DATASET EXCERPT Start Marker

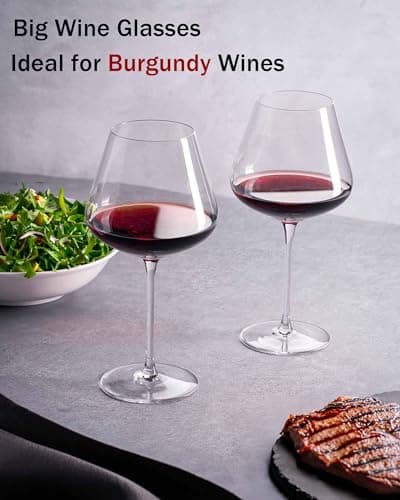 JBHO Lead-Free Crystal Burgundy Wine Glasses - Set of 4, 21 oz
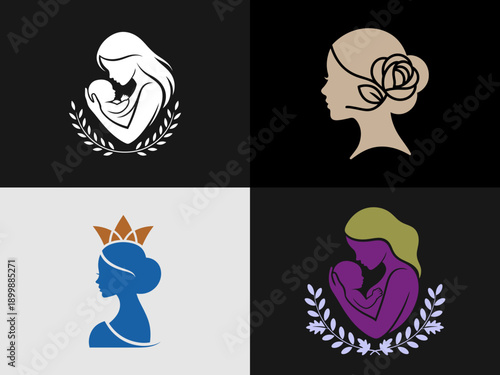 Happy Mother's Day woman head card Illustration of mother with her little child, flower in the background. Concept of mothers day, mothers love, relationships between mother and child.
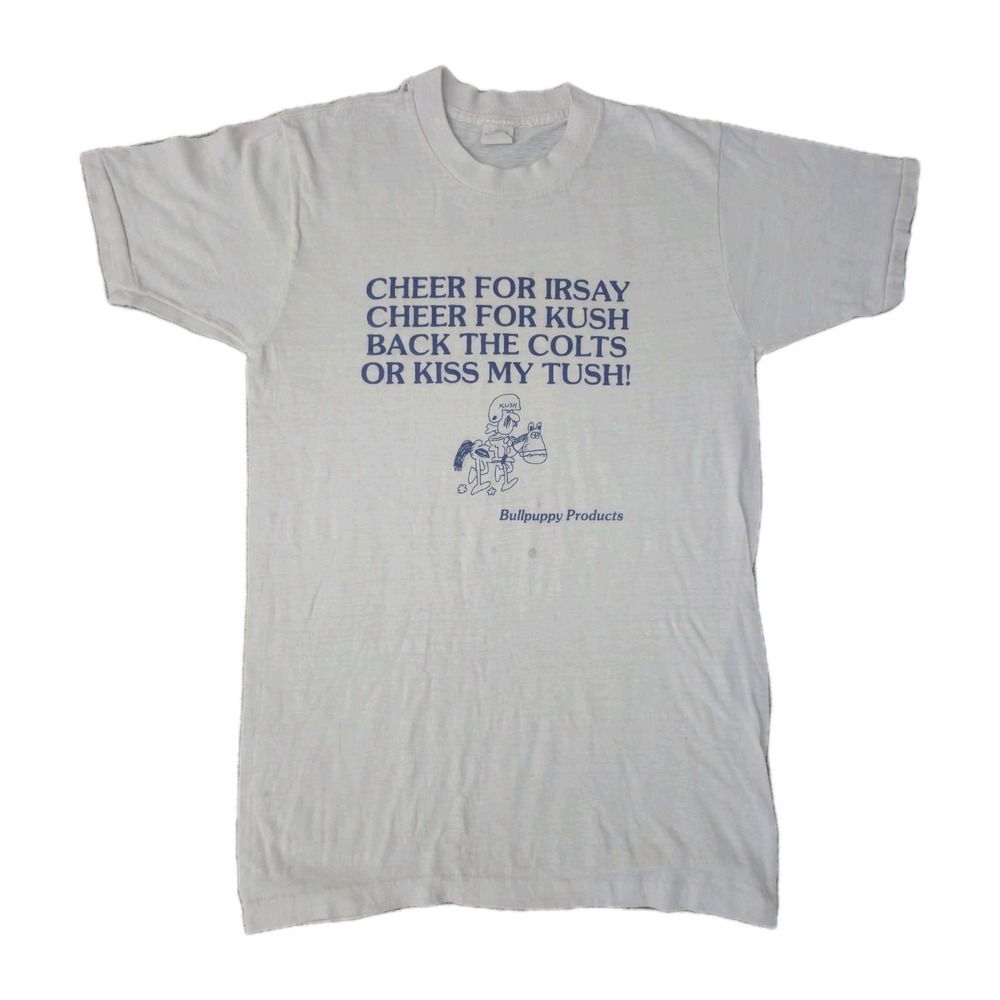 Vintage 1980s Indianapolis Colts T Shirt Frank Kush Jim Irsay Single Stitch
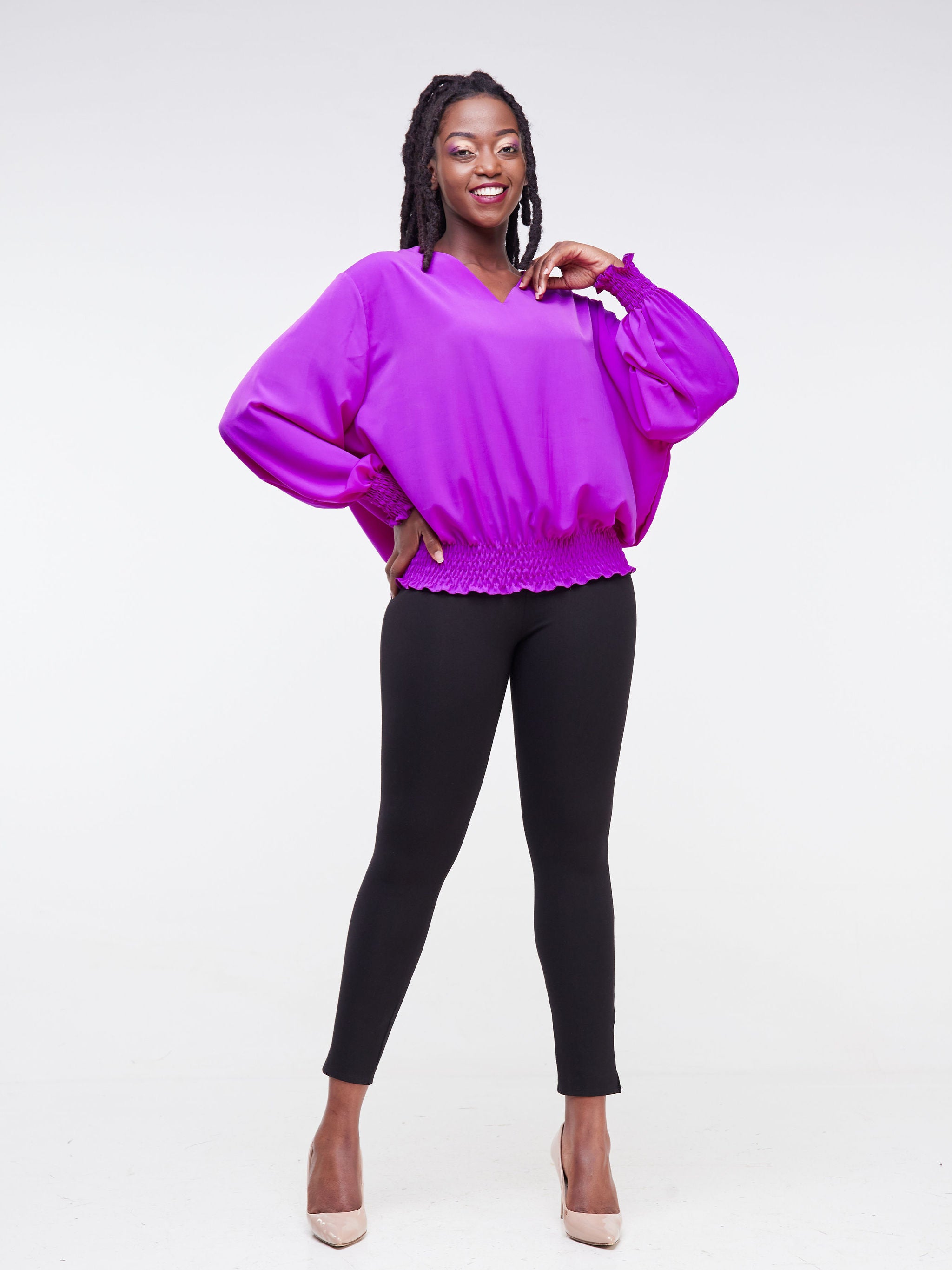 Vivo Fahari V-Neck Shirred Top - Purple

DATASET EXCERPT End Marker

WHAT YOU ARE ASKED TO DO
Your task is to reproduce all of the material exactly. The pictures stay out.

ANSWER
 JBHO Lead-Free Crystal Burgundy Wine Glasses - Set of 4, 21 oz
 Happy Mother's Day woman head card Illustration of mother with her little child, flower in the background. Concept of mothers day, mothers love, relationships between mother and child.
 Vintage 1980s Indianapolis Colts T Shirt Frank Kush Jim Irsay Single Stitch
 Vivo Fahari V-Neck Shirred Top - Purple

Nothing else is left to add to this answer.